Thomas was born on February 26, 1907, in Napoleonville into a musical family: Thomas had four uncles who were musicians, two of whom had had formal conservatory training. Although Thomas began his musical career as a teenager on drums and would perform on that instrument informally and professionally throughout the coming decades, he purchased a trombone while working with John Tunking’s band out of Alexandria and Natchitoches in the 1920s and took trombone lessons from Morris French. Thomas would play with Tunking’s band for seven years, until Tunking’s death.

During Thomas’s first years in New Orleans, he was a snare drummer in street parades as well as a trombonist in local bands. He performed with clarinetist Georgie Boyd before working with Buddy Petit. In 1927 Thomas began what would become a lifelong love affair with touring when he joined Robert Taylor’s Knee-High Revue; it would be followed by a long series of gigs with traveling carnivals, minstrel shows, and vaudeville troupes. Thomas would spend thirteen years playing with the famed Rabbit Foot Minstrels, tour with the “Miss Broadway” show out of Chicago, and play with the Jay McShann band from Kansas City in 1945. Thomas played for a number of rhythm and blues sessions in the late 1940s and 1950s as well. In the late 1950s Thomas was playing gigs with New Orleans musicians Ernie Cagnolatti and the Lawrence Marrero Polo Barnes New Orleans Jazz Band.

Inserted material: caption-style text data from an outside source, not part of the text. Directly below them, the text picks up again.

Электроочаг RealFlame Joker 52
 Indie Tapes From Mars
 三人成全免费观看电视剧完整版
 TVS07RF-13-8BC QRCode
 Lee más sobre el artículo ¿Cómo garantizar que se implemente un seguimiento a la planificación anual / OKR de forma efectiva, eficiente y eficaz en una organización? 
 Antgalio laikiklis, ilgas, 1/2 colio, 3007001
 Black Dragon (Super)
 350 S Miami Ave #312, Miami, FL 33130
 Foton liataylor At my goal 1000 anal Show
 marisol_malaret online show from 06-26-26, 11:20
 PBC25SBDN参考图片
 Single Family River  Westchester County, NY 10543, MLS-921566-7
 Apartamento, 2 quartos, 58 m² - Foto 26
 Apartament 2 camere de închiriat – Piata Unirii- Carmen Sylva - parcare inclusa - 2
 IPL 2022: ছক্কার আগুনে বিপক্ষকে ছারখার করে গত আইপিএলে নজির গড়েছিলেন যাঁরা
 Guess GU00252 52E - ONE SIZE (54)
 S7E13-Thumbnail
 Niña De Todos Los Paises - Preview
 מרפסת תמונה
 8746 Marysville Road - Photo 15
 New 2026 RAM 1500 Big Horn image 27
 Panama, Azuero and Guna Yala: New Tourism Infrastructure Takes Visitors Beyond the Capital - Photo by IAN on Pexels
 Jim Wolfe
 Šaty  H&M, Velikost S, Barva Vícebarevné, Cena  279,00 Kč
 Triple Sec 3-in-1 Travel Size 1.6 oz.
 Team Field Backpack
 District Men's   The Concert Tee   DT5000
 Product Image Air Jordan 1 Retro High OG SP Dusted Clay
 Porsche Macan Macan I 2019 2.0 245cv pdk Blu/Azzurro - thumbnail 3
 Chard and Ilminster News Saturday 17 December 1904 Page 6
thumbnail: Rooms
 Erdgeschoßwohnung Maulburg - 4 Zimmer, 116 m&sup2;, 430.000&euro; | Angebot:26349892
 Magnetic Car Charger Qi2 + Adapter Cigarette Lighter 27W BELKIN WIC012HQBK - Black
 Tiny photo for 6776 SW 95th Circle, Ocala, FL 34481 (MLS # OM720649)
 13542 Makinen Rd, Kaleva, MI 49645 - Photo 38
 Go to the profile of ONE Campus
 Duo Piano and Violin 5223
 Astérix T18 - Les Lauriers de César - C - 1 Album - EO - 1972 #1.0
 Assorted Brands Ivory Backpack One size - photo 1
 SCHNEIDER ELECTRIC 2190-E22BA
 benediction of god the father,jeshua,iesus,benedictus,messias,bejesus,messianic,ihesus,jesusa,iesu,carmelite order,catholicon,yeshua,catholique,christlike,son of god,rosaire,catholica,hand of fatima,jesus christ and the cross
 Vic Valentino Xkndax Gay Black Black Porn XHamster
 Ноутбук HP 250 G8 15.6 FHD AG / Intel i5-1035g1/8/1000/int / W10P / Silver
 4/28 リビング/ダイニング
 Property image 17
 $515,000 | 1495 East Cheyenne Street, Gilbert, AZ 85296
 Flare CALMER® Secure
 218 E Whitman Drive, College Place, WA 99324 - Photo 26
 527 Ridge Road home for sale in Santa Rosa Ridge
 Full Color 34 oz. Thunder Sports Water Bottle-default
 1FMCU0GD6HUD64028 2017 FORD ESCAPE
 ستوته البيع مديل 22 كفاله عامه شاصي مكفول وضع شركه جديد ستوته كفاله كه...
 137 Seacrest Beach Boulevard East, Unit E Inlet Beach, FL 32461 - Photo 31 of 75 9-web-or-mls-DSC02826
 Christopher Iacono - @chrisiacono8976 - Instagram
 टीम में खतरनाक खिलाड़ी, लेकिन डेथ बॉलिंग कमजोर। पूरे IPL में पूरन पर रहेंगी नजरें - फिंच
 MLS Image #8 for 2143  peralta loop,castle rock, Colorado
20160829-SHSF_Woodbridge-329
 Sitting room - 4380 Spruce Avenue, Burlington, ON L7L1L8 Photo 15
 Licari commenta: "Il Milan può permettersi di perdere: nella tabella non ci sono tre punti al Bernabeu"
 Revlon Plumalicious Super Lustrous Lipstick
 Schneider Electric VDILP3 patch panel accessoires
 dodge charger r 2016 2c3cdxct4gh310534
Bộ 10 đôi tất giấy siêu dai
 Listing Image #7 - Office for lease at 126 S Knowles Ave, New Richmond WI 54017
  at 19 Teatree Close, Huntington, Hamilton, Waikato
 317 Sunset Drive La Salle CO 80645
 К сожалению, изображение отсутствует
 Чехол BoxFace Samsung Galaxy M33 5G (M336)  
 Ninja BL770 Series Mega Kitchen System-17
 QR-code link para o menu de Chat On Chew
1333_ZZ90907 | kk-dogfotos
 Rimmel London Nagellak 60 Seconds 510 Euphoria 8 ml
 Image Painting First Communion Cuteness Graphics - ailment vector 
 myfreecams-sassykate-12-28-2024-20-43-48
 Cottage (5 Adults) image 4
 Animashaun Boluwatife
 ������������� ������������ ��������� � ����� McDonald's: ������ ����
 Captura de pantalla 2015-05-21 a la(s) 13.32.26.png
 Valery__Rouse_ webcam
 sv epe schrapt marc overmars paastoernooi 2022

By 1960 Thomas had more or less settled back in New Orleans full-time, performing as a regular player in Narvin Kimball’s band. He also performed as a fill-in player with Paul Barbarin’s group, with whom he recorded for the GHB release Paul Barbarin and His New Orleans Jazz Band. Performance dates with Kid Thomas were also frequent, and Thomas is featured on the album Kid Thomas at Kohlman’s Tavern alongside Emanuel Sayles, Joseph Butler, and Emanuel Paul.

Preservation Hall performances were a staple of Thomas’s later years, and in 1967 he embarked on a tour of Japan with Kid Sheik and his Storyville Ramblers. Thomas was close friends with Danny Barker and played with him often throughout his later years.

Thomas died on August 9, 1994, in New Orleans.